Bar Models and Ratios
Lesson 6 of 21
Objective: SWBAT use bar models to represent and solve scenarios involving two or more ratios.
Finish in 6 minutes with at least 80% correct to earn 2 achievement points**
For this task, students will enter their answers into clickers, which speeds up the checking process to determine which students earned the extra points. I am walking around the room during these 6 minutes helping students and motivating them to stay on task.
I expect the most commonly missed answers to be #1 and #4. My students are still making errors when multiplying or dividing rational numbers. This is a skill I continue to work toward remediating with the appropriate students.
** I am using the Online Stopwatch to provide a visual timer for students.

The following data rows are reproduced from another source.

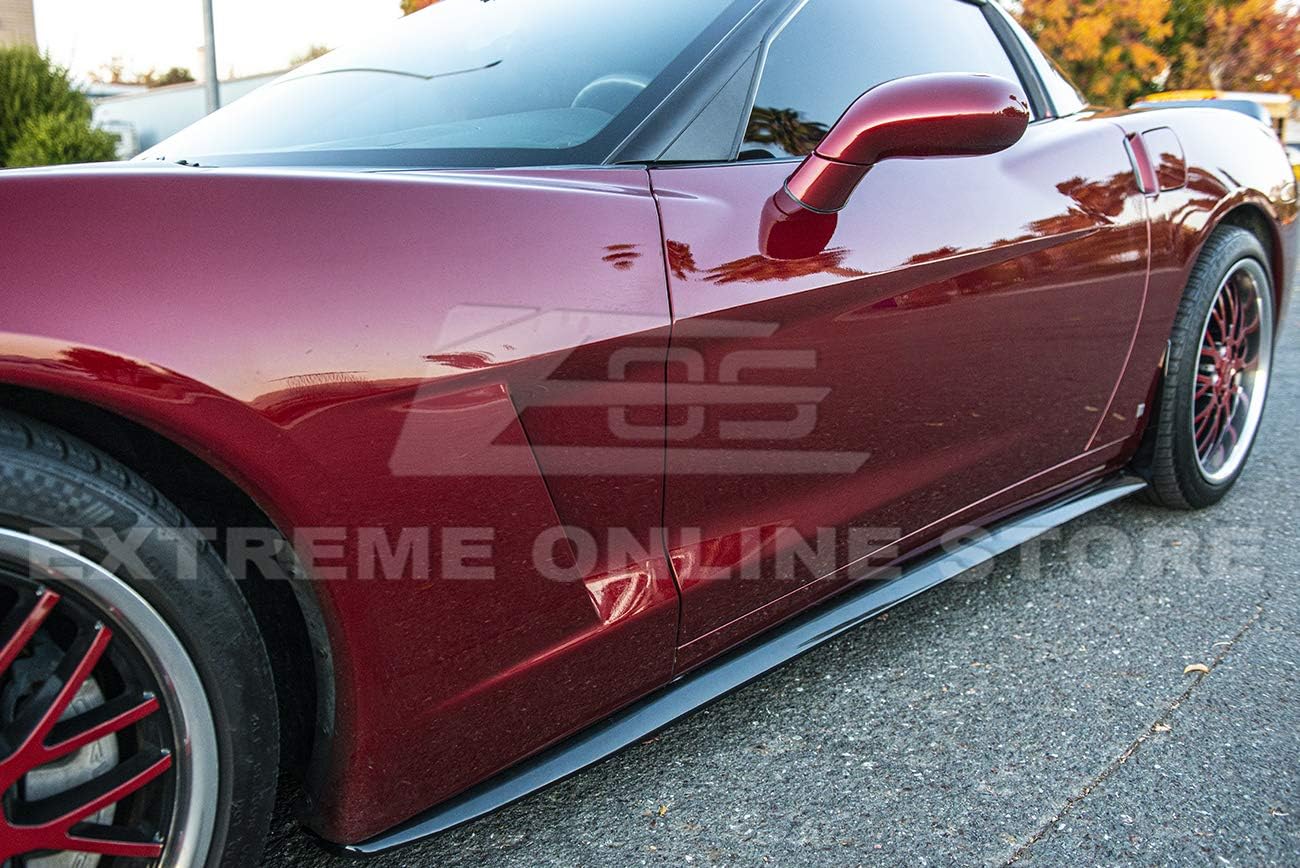 Replacement for 2005-2013 Chevrolet Corvette C6 Base Models | ZR1 Style Side Skirts Rocker Panels Extension with Mud Flaps Pair (ABS Plastic - Glossy Black)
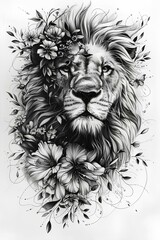 black and white lion with floral ornament illustration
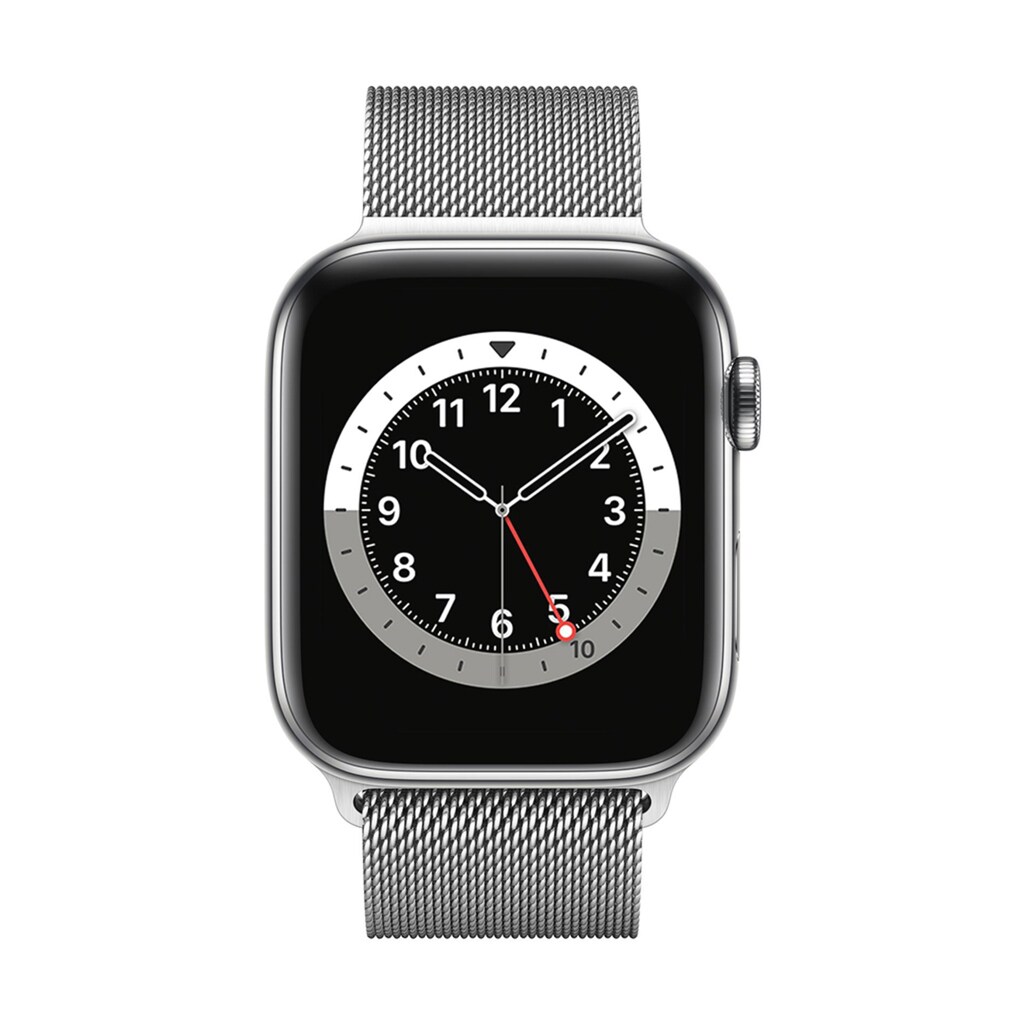 Apple Smartwatch »Serie 6, GPS, 44 mm Edelstahl-Gehäuse mit Milanaise-Armband«, (Watch OS)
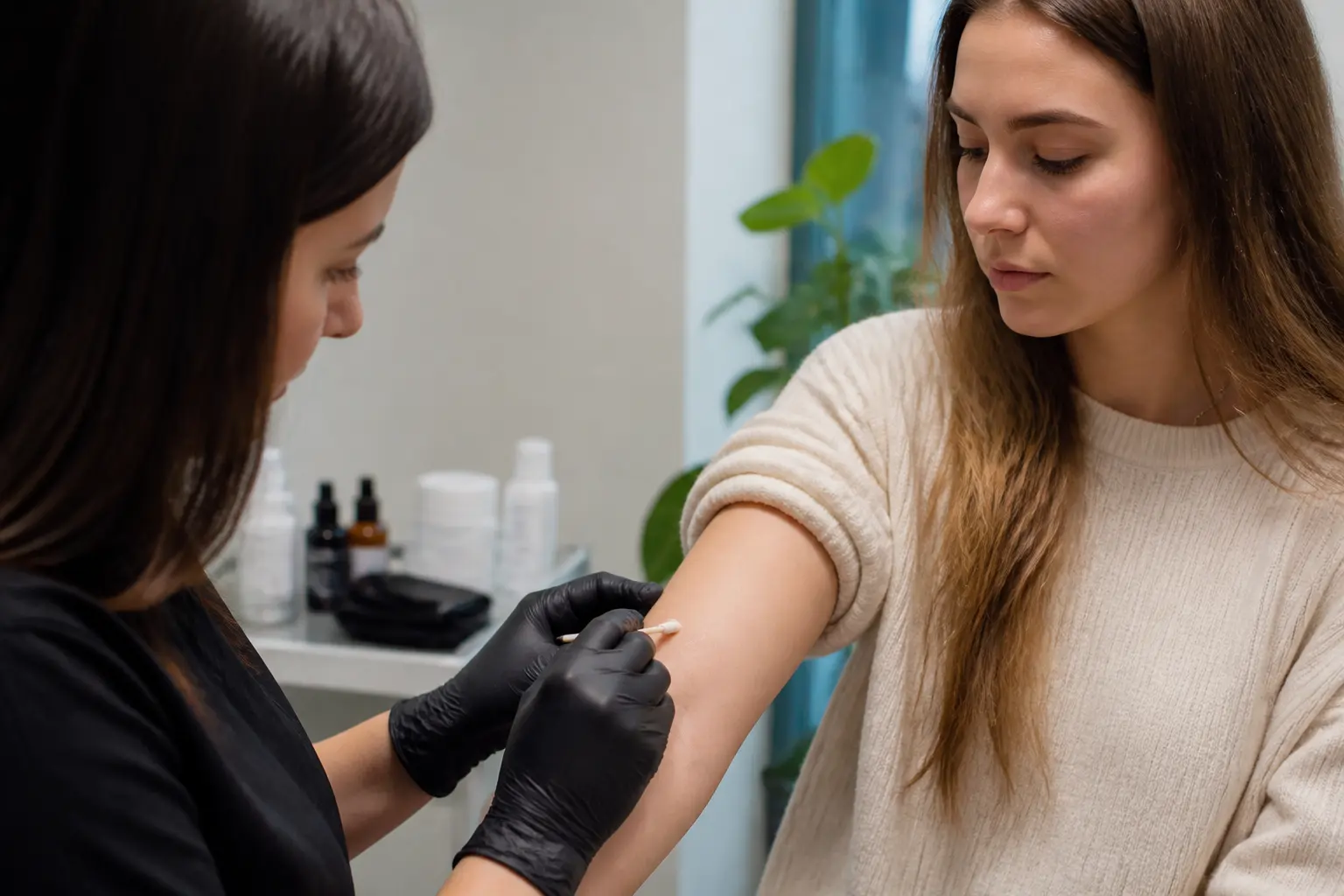 Supporting editorial photograph about patch test before brow lamination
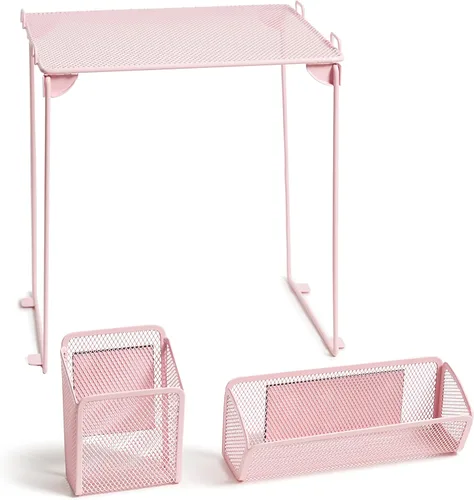 Miniatura 10 de U Brands Kit de organización de casilleros de malla negra, incluye taza magnética, estante plegable y contenedor, 3 piezas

Any red font included in the Class Notes - Bar Models and Rates resource is meant to be copied off the board by students. For each example, I model for students how bar models help me visualize and solve this problem.
Students may also opt to use the larger drawings of the bar models on the back of the page. A common misconception is failing to see the boxes as parts of an entire unit, as well as being able to isolate information from the word problem to identify the quantities being compared and the question being asked. Thus, it is important to ensure all students write all information off the board and understand how to use this information to continue to study the concept.
Another common misunderstanding is the language behind fractions of a year (i.e. a quarter of a year is one fourth of the year). Again, it is important to push students to understand these concepts visually as shown on the back of the class notes paper.
After answering any student questions about the Do Now assignment, I distribute their Bar Models and Ratios Task for today. It is titled "Locations" as each set of questions is located in a different “setting” of the story. For example, the first set of 3 questions is set in a 6th grade class room where the ratio of boys to girls is 2 : 3. The questions asked must be answered using this information.
I also have 3 stations set up around the room. There is a station in the booths for the last location in the classwork: inside an M&M bag. There are baskets at the booths with different chip counters (or actual bowls of M&Ms?) students will be able to use as manipulatives to further visualize the problem. The 16 tables in the center of the room are divided into two groups. All students are asked to move so that they begin on the right hand side of the room, this is the first location. There are baskets at most tables with counting bears or other manipulatives with two distinct category colors (boys/girls). These manipulatives will hopefully help students further visualize the first setting. On the left side of the room I will have baskets with plastic toy farm animals also playing a role as a manipulative for the second location. Students will get to move to the next location by raising their hands with the correct work and answers on their papers.
I will most likely spend most of my time working with a small group of students as they move from station to station. This is a group of students that understands they must ask for help rather than expect me to know they need it. This is a big character piece I have been focusing on recently as I have a group of students that do not advocate for their needs under the fear that they are “bad” for not understanding.
In the closing I review the answers to the first 6 problems and ask students to complete the rest for homework.
When reviewing the answers I make sure to call on different students to explain the answers to those questions. Getting students to discuss the topic and describe the placement of the numbers within the boxes is important. Students discussing and defending their answers and the answers of others are in use of MP3.